# Restomod interior help



## Jonwilkerson (Jul 10, 2009)

I'm looking for a more updated look in the 66 I'm building but really don't know where to start looking for late model interiors (front buckets and console primarily, possibly the back seat) that would fit that body style well. Is there anybody out there that has experience with this or could post a link to another thread here that discusses it. Thanks a lot.


----------



## 05GTO (Oct 6, 2004)

Jon,
I've seen pictures of guys installing 04-06 GTO seats in the classics, they look pretty good. 

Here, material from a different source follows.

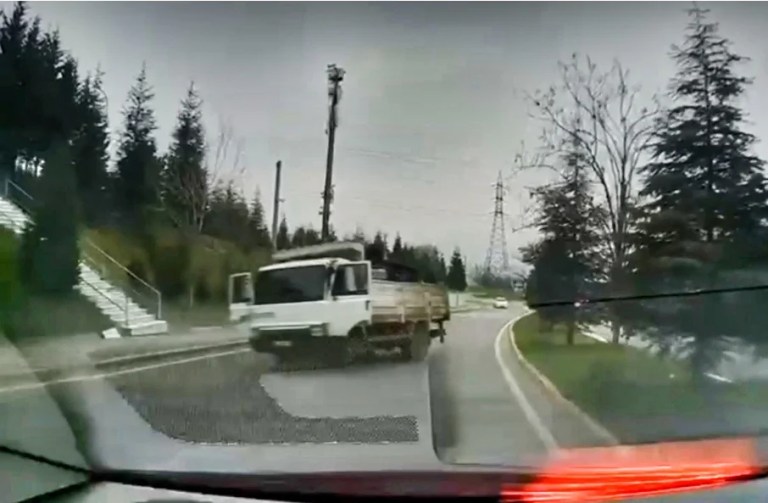 İzmit’te kontrolden çıkan kamyon refüje devrildi!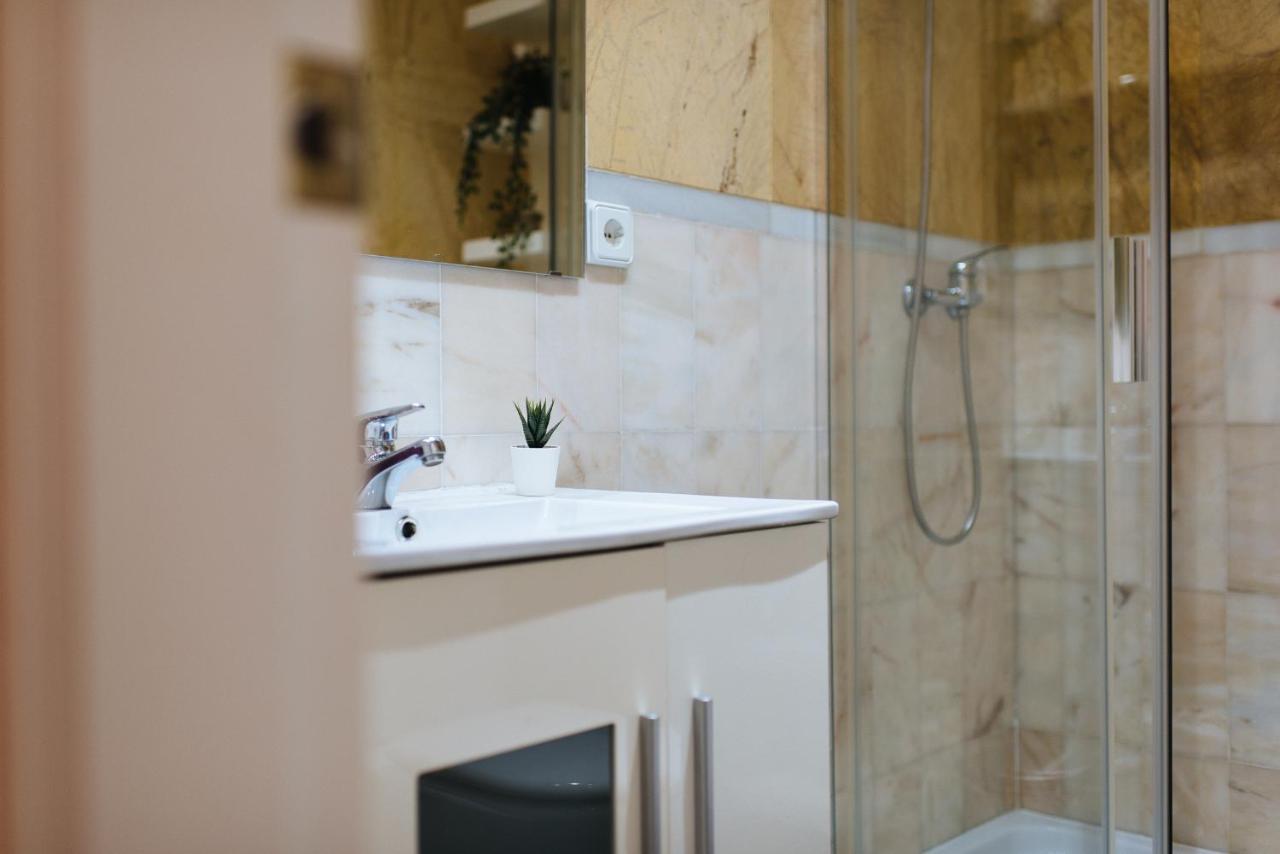 Holi-Rent Lanza Appartement Sevilla Buitenkant foto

I checked out your pictures and you guys have one hell of a project! Nice Job.


----------



## crustysack (Oct 5, 2008)

I am putting 06 gto seats in my 65 and was VERY surprised how nice they fit in, with only minor modifications to the brackets and they are worlds more comfortable than the old seats , you are also able to keep all power functions of the seats, I am making my own center console. I think you will be hard pressed to find something that will bolt right in. The rear seats from the 06 have to be cut down to fit they are to tall and block the view out the back window.


----------



## ppurfield001 (Jan 21, 2008)

Jonwilkerson said:


> I'm looking for a more updated look in the 66 I'm building but really don't know where to start looking for late model interiors (front buckets and console primarily, possibly the back seat) that would fit that body style well. Is there anybody out there that has experience with this or could post a link to another thread here that discusses it. Thanks a lot.

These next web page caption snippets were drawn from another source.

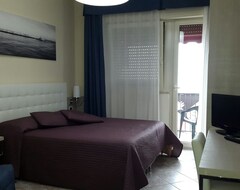 Hotel Bella Riviera (Viareggio, Italien)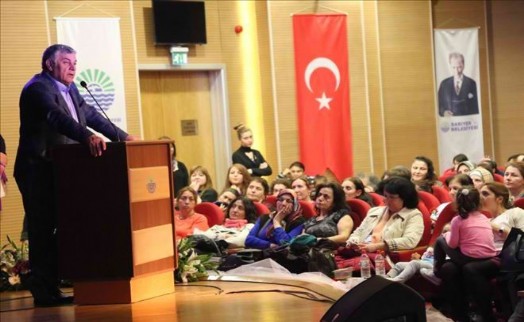 KADINLAR 8 MART İÇİN SARIYER´ DE BULUŞTU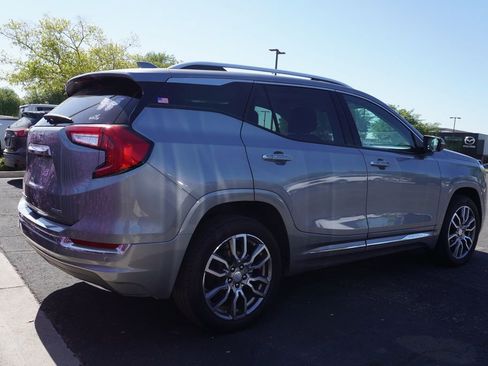 Used 2024 GMC Terrain Denali w/ Denali Premium Package AWD/4WD image 5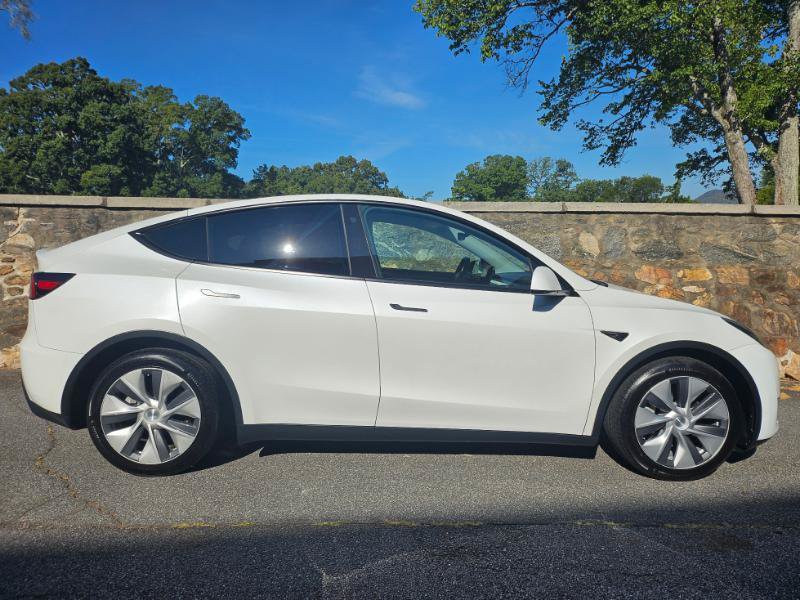 Used 2021 Tesla Model Y Long Range AWD/4WD image 10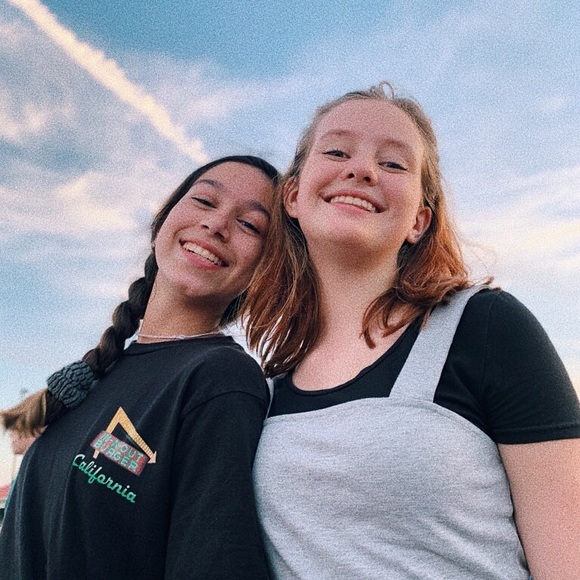 Meet your Posher, Summer - Picture 1 of 1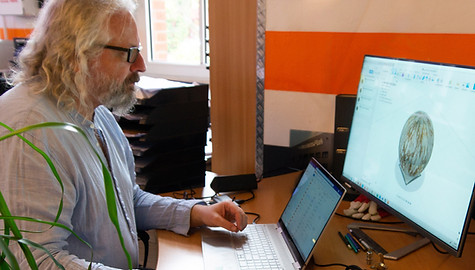 Dr. Volker Mannheim bei der Leuchtenentwicklung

I installed 2005 GTO front buckets purchased on e-bay in my 1967 GTO and they fit in pretty well (I have no console). I left the original back seat in due to installation costs. Good luck.


----------



## 66tempestGT (Nov 28, 2009)

looks like you are going to have an outstanding ride. i enjoyed your pics, especially the youtube clips. i ended up doing basically the same thing to my core support.


----------